▶ [Problem to work on]: Quote exactly, and only, the lines from the one containing "engine v8 3D 打印模型" through the end of the material below. Skip pictures.

▶ [Extracted entries]:
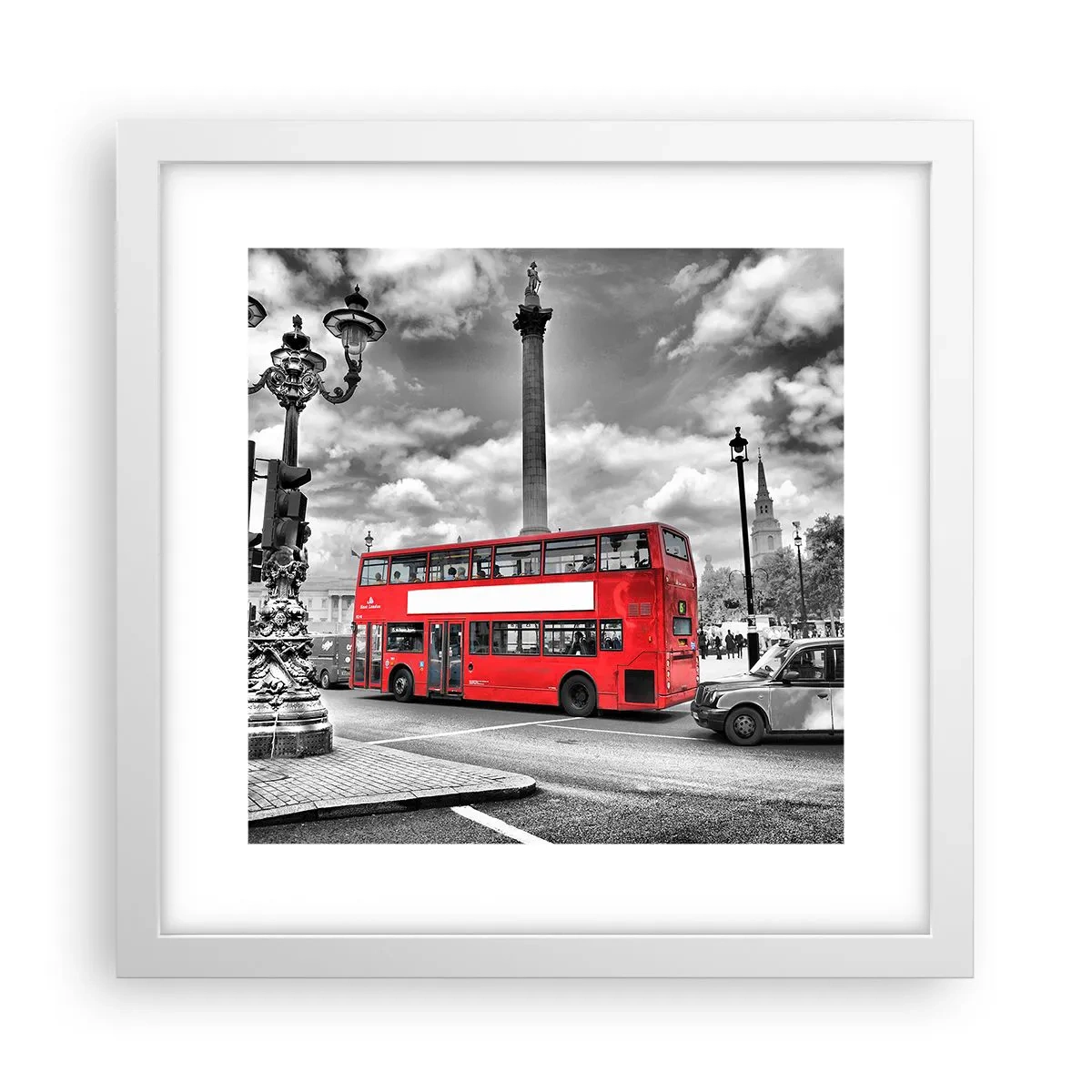 Poster in einem weißen Rahmen - Der wahre Blutkreislauf der Stadt - 30x30 cm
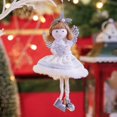 thumbnail image 4 of Ángel de muñecos de peluche de Navidad, adornos colgantes de árbol de Navidad para el hogar, suministros de decoración de Año Nuevo, regalos para niños, 2024, 4 of 6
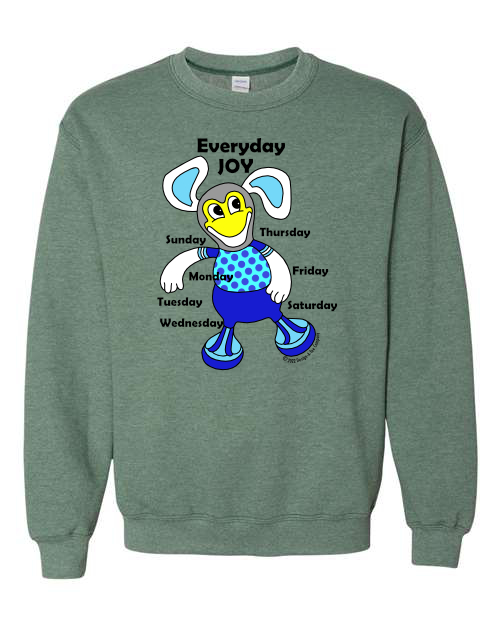 Children's Everyday Joy Cartoon character graphic sweatshirt, colorful, Joyful t-shirt,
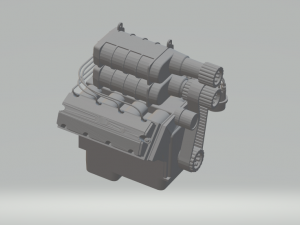 engine v8 3D 打印模型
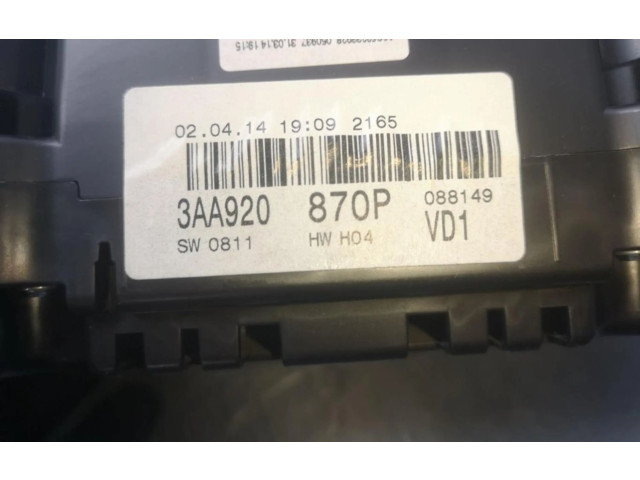 Přístrojová deska Volkswagen PASSAT 2014 3AA920870P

▶ [Response to this exercise]:
 engine v8 3D 打印模型
 Přístrojová deska Volkswagen PASSAT 2014 3AA920870P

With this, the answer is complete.